Weirdly, though, when he tried to open a new facility off the estate in Marylebone to save some of his customers a journey, it was a dismal flop – people claimed that they did a better job in the Redriff facility, even thought Michael swore he’d overseen the work personally, and that it was identical in every respect.

But however big the service side of his business gets, Michael and his daughter can still be found staffing the serve-yourself side of the business most of the time – that’s where they started out, and the business they clearly prefer, and certainly the rest of the business doesn’t seem to be hurting for having been delegated to other staff most of the time.

The Dog’s Home

The Redriff Dog’s Home is a good deal less famous than it’s counterpart further up the river in Battersea, but if you ask any of the volunteer staff that work there, they would tell you that they that’d because the Redriff home is doing harder work.  Redriff Dog’s Home specialises in the rehabilitation and rehoming of abused animals – particularly those animals that have been bred for violence.  Whenever illegal dog fights are broken up in London, or the police arrest the kind of scrap merchant that has trained particularly bloodthirsty guard dogs to roam their yard at night, it’s Redriff Dog’s Home that takes in the unwanted and the unloved.

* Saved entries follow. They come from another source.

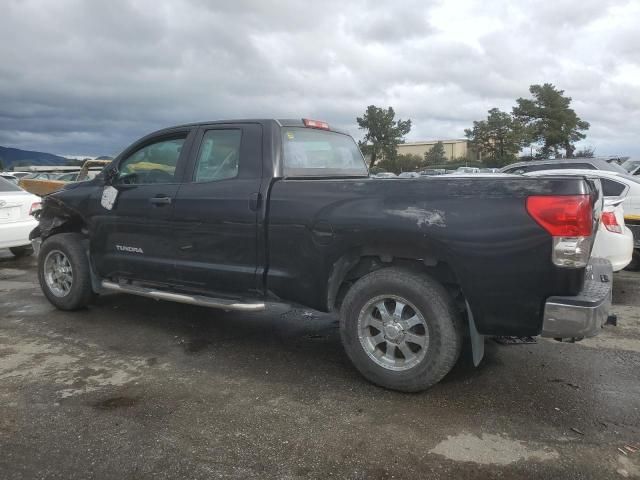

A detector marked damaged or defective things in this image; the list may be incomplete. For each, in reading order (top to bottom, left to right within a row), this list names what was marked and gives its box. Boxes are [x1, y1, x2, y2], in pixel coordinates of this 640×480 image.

damaged front bumper [544, 256, 612, 340]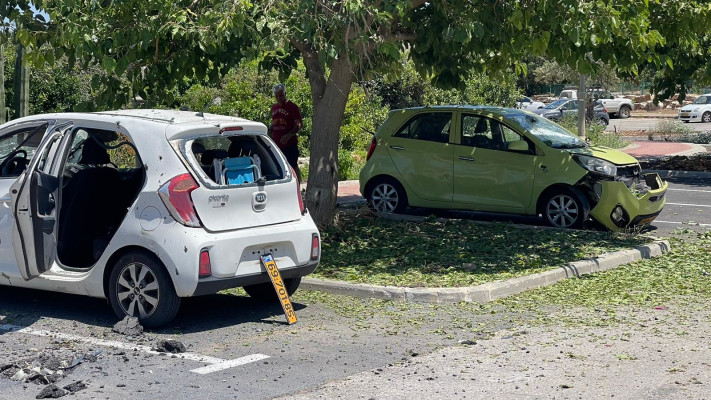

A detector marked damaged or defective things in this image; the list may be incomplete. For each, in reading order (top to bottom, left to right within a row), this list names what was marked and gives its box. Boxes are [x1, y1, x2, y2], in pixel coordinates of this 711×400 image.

damaged hood [568, 145, 640, 166]
white damaged hatchback car [0, 108, 320, 324]
crumpled front bumper [588, 173, 668, 231]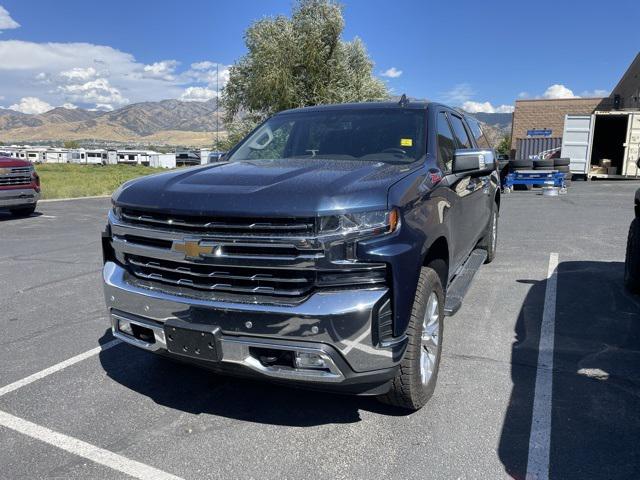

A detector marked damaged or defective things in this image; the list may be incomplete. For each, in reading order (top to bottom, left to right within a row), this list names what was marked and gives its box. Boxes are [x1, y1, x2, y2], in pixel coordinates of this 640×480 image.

missing front license plate [164, 320, 221, 362]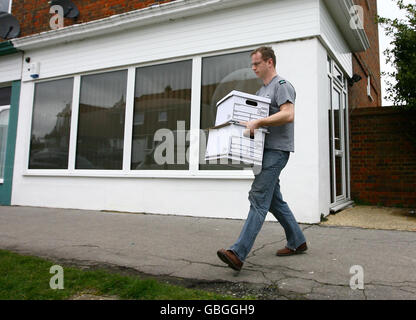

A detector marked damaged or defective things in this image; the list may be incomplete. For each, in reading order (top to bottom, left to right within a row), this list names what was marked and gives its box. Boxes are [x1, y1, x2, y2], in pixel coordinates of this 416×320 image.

Sadly, it’s not like they find a much warmer reception, as the Dog’s Home has been the subject of ongoing noise complaints for most of the last decade, as well as the occasionally mostly-spurious complaint about them being dangerous for public safety. The matter may be about to come to a head in the near future, as the Association is rumoured to be gearing up for an actual lawsuit that would force them to relocate out of the area.

Cuckold’s Point

At the point where the river bends sharply to the south, defining the eastern edge of the peninsula, stands one of the oddest public sculptures in London – a life-size bronze statue of a gibbet surmounted by ram’s skull with impressively curled horns.  What makes this perhaps odder still is that the statue is a recreation of the two different things that once stuff upon this site, to mark the spot known as Cuckold’s point.  There are a variety of stories about how the spot got it’s name, but the one that seems to have stuck is a story of King John having been much taken with a local millers wife, and awarding the man land in the area in exchange for his not raising any objection to the King and his wife leading him to wear a cuckold’s horns.

These days, the site marks the start point for the procession that begins The Horn Fair and The Lantern Parade.

Quebec Builder’s Merchants

Named in an odd sort of tribute, this builders merchants is located on part of the site of the old Quebec Deal Yards – “deal” being the name for the Scandinavian timber that was the area’s major through the area prior to the second world war. The Quebec Yards were bombed during the first night of the Blitz, and over a million tons of timber went up in the single most intense fire ever seen in Britain.

Local legend has it that the fire was so hot, the devil himself came to watch the blaze, and that he sometimes returns to the site on the anniversary of the bombing, hoping that history will repeat itself.